I'm not going to go out of my way to furiously bash it, but you can tell that I didn't care for director David DeCoteau's dragging quick-buck, direct-to-video post-apocalyptic sci-fi / horror film it at all. Everyone brings it up and deservedly so, the infamously steamy shower scene of its big draw-card Linnea Quigley. It's quite short, but transfixing. Even the schlock special effects and make-up FX are conceived with excessively grisly (gooey blood-leaking), tasteless and shonky details, but don't look all that bad for such a bottom-barrel budget (oh with the horrendous exception of the rubbery creature or whatever?). Although for such a small running time and having a slight premise, it felt rather padded out and pointless. The opening sequence is laughably ridiculous. Some purposeless, unexplained things crop up (like large vicious rodent attacks and an aggressive new-born), but that's were the little excitement came from. It really does dawdle along and uses up commonly dull devices. I don't know how many times I could take seeing these folks run down the same corridor over and over again. DeCoteau had a chance to strike up some claustrophobic tension from these tightly limited (if disposable cardboard) sets, but never did he executed it well enough. Instead he favoured cheap, predictable shocks that were flatly handled.

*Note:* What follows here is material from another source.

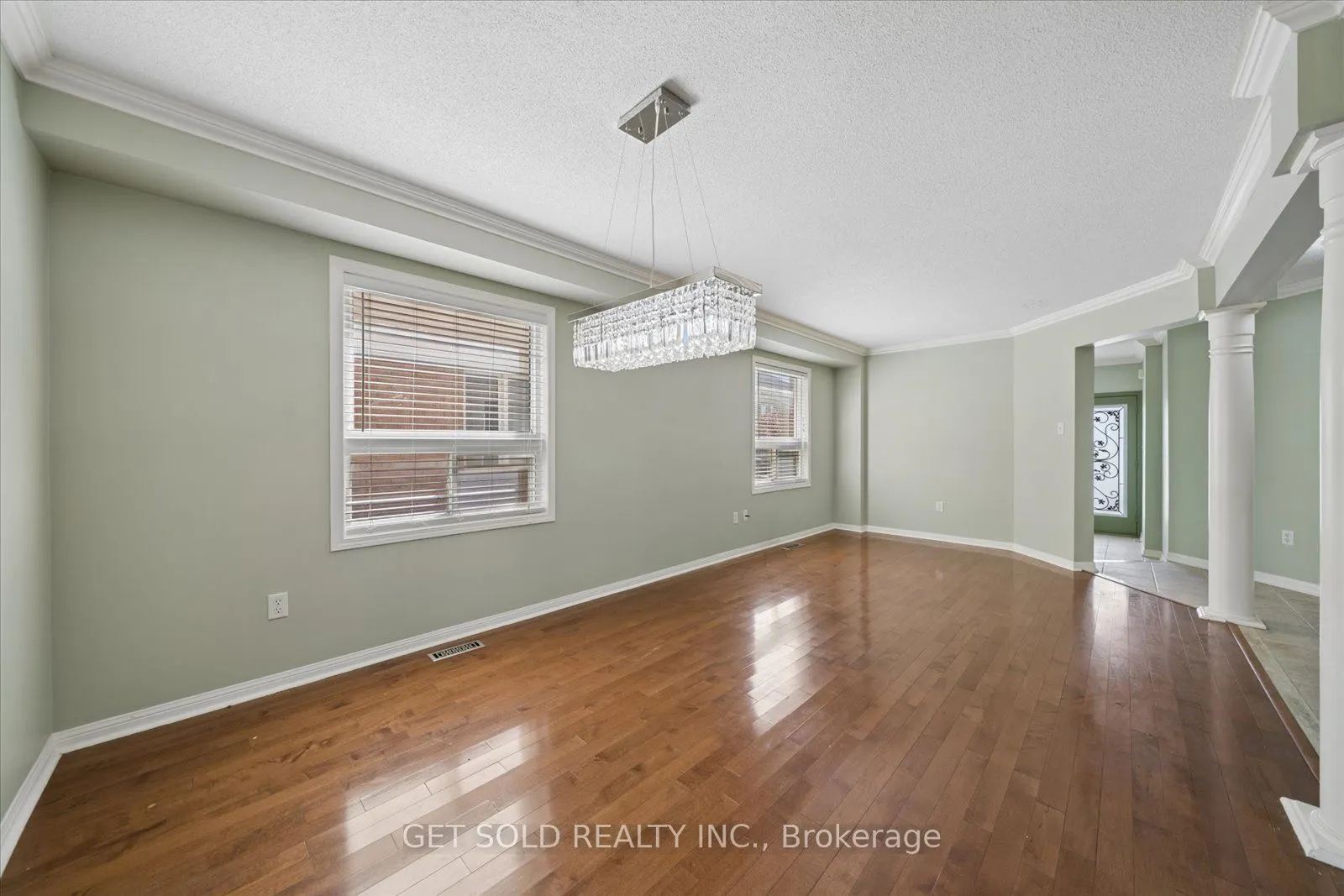 122 Medland Avenue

The fidgety synthesizer score is systematic across the board, and in passages the dark, hazy camera-work didn't help out matters.

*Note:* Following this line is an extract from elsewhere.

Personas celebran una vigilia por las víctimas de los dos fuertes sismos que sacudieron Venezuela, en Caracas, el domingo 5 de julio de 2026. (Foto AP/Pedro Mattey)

Five young people desert the military during the apocalypse of WWIII and seek shelter in an abandoned research facility. Unfortunately, it is inhabited by giant rats and a...um...Creepozoid, I guess. This movie has approximately three main sets: The bedroom (and the nearby shower for the obligatory Linnea nude scene) where the characters hide when they are scared, the lair of the Creepozoid, and the hallway joining the two. In fact, most of this movie takes place with the characters running in the hallway, between the other two sets. There isn't much else to say about this. Oh yeah, the cast is cute, especially the lead. Unfortunately, he can't act and I reckon he slept with DeCoteau to get the role. Good for both of them. Gets an extra point for having a mutant baby in it for no ostensible reason.